Au profit de qui tournera le bras-de-fer entre les putschistes et la CEDEAO? Bien malin qui prédira l’issue de ce duel qui pourrait même se jouer avec prolongation, les sanctions habituelles prises contre les auteurs de prise du pouvoir par les armes portant peu ou prou les résultats escomptés. Surtout pour un Mali qui est en mesure de se tourner vers des frontières autres que celles avec les pays de l’espace ouest-africain. L’Algérie par exemple! Par ailleurs, la CEDEAO et le reste de la communauté internationale sont sur plusieurs front, elles qui se retrouvent avec plusieurs dossiers de transition après putsch, comme en Guinée, au Tchad et encore au Soudan où les manifestations contre les généraux ont fait au moins 56 victimes fin octobre, dont deux ce dimanche. La situation qui ne cesse de pourrir à Khartoum a même poussé le Premier ministre Abdallah Hamdok à la démission. L’homme venait pourtant d’être remis en selle par les généraux qui l’avaient mis aux arrêts et dépouillé de ses pouvoirs de Premier ministre civil de la transition. Et l’armée continue de tuer en toute impunité, et à huis-clos, des manifestants dont l’engagement pour le retour du pouvoir aux civils ne faiblit pas malgré la répression sanglante des militaires.
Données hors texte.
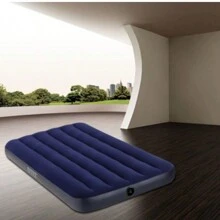 Striped Dark Blue Flocking Inflatable Mattress Portable Lunch Break Folding Inflatable Air Mattress Air Mattress, Suitable For Outdoor Courtyard Camping Picnic Indoor Office Living Room - Dark Blue - View 5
L’Afrique retournera-t-elle inexorablement à la case coups d’Etat militaire? Question à la CEDAO et à la fameuse communauté internationale, qui dans une large mesure sont responsables de ce recul démocratique, par leur silence coupable sur les dérives et incurie des dirigeants qui se couvrent, pour la plupart, du manteau troué de parodies d’élections, pour prendre le pouvoir ou s’y accrocher comme des sangsues.